I'd taper the inside faces. Looks neater and is more traditional, though you can find many variations.


----------



## Jacob (10 Apr 2013)

marcros":uj0bq15f said:


> general consensus seems to be not to mix the two timbers. possibly incidental because the legs have cracked, so unless painted probably arent much use on this project. oak throughout it is.


Tables sometimes have better stuff on top e.g. sycamore top on pine base. But one timber throughout is more common.


----------



## marcros (10 Apr 2013)

i was planning to do 3 x 3 legs and taper the inside. something not disimmilar to http://www.alexanderpaulantiques.com/st ... 669-13.htm


----------



## Jacob (10 Apr 2013)

marcros":2dzt6kcd said:


> i was planning to do 3 x 3 legs and taper the inside. something not disimmilar to http://www.alexanderpaulantiques.com/st ... 669-13.htm


Nice one. I wouldn't bother with the breadboard ends unless this is going into a very old fashioned kitcheny environment - frequently hot/cold/dry/wet etc.
Thos Moser has nice tables in his books.


----------



## marcros (10 Apr 2013)

cheers i will have a look for that Jacob.
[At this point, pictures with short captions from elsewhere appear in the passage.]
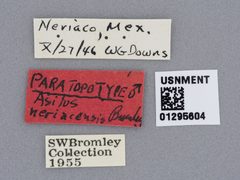 Prolatiforceps neriacensis by the Smithsonian. Used under a CC0 license.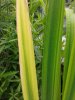 Iris Endergebnis vor und nach Düngung.jpg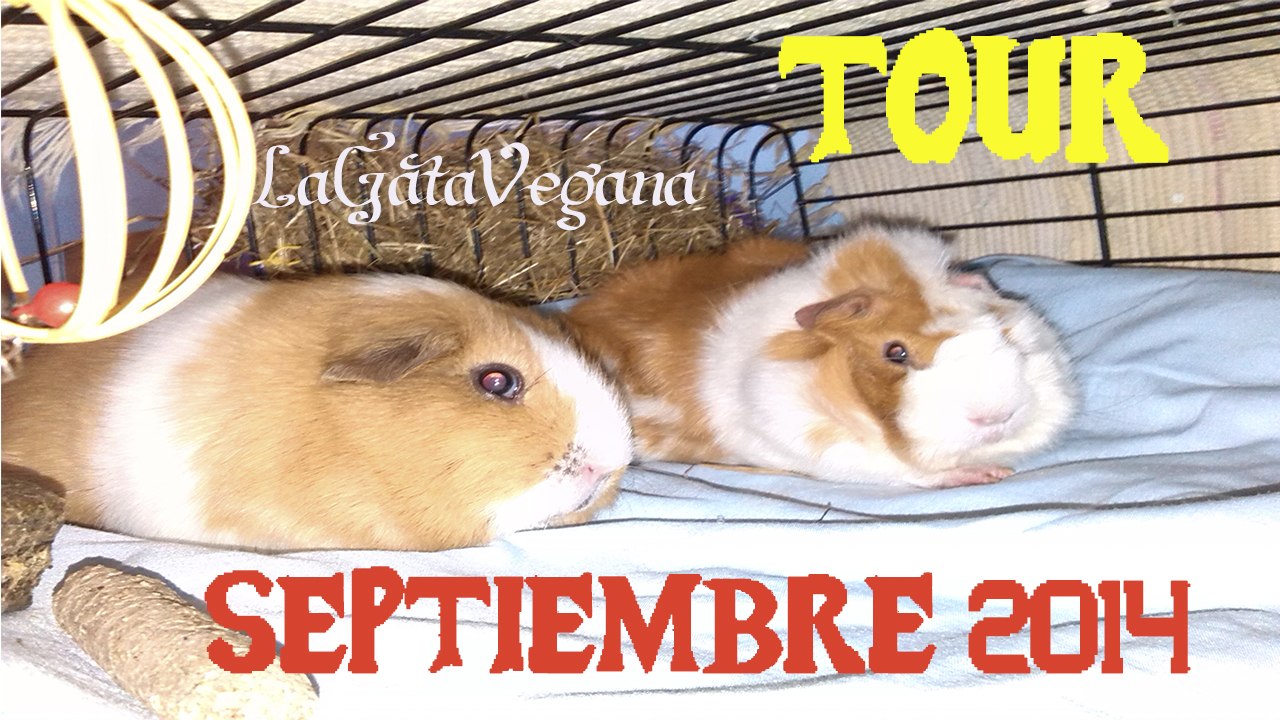 TOUR COBAYAS SEPTIEMBRE 2014 / NOVEDADES EN LA HABITACIÓN DE MIS COBAYAS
I know that you will tell me to go and look at a table, but I cant at this minute in time, and we do not possess any furniture that didnt start life as a flat pack. How is the drawer supported. There is the cross rail beneath it- are there some wooden runners on the inside of the side rails, and it simply goes along those side rails?


----------



## Jacob (10 Apr 2013)

marcros":24pu86j2 said:


> cheers i will have a look for that Jacob.
> 
> I know that you will tell me to go and look at a table, but I cant at this minute in time, and we do not possess any furniture that didnt start life as a flat pack. How is the drawer supported. There is the cross rail beneath it- are there some wooden runners on the inside of the side rails, and it simply goes along those side rails?
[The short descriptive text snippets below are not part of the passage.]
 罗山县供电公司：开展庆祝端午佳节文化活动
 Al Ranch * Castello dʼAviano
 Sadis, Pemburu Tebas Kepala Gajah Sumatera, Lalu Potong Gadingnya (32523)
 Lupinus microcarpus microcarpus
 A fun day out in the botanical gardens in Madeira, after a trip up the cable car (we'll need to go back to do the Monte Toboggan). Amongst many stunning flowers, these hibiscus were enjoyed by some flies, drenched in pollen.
Drawer details are in Joyce I think. Fairly standard - wide top and bottom rails, runners, kickers, guides, stops on the bottom rail to catch the back edge of the drawer front.


----------



## carlb40 (10 Apr 2013)

Can't help on the design front, but just wondering how these compare price wise to lavers?

http://www.ebay.co.uk/itm/1775-Waney-Oa ... 3f23d7661f

He is always listing similar boards to this.


----------



## marcros (10 Apr 2013)

It isnt really like for like- it is planed wayney edge stuff, whereas lavers is sawn square edged stock. Your link looks nice stock for the right project though. I have another place that is cheaper but is a good drive away, but on this project, I could do without having to rip down wayney edged stock. Lavers is also next to work which means that I dont need to take a day off to go mid-week!

For special timber I would go further afield, but for "normal" euro oak, they should have what I want. 

Dibs and I did buy some ready planed up oak from British Hardwoods late last year. Nice stuff, and meant that we could do some quick projects with it, without having to do a lot of prep work. Works out quite expensive if not on special offer though


----------



## Togalosh (15 Apr 2013)

http://www.amazon.co.uk/Practical-Desig ... ure+making

This book gave me the confidence to make my dining table with drawers & should have all the info you need to make your mind up about sizing, spacing & shows you about human proportions as well as drawer supports etc. I like this book.

I measured all the dining tables & dining table drawers I came across (making repeated trips to certain tea shops) & worked out why some tables felt better to sit at than others & made my descisions accordingly.


----------



## marcros (17 May 2013)

i am slowly making some progress on this project, and learning some things along the way. I have the legs laminated, dimensioned and one of the two mortices cut on each. I did make a small mistake on one, cutting a mortice too long, whilst trying to rush. I have glued a block in, but will inlay a veneer to get a perfect sized piece. I doubt it will actually be seen in the finished piece. I need to cut the tapers- I haven't decided whether to do it on the bandsaw (probably), or build a sled for the thicknesser. The latter is probably overkill for a one off job. I have no tablesaw to build a jig for.

The long side rails are dimensioned, need cutting to length and will have their haunched tenons cut shortly. The ends are to have drawers in, and I have dimensioned the piece running under the front to size (tenons to be done with above), and have thicknessed down the drawer fronts, so that they are equal to each other, and flat. I will take some pics, but at the moment it is just a stack of planed up timber!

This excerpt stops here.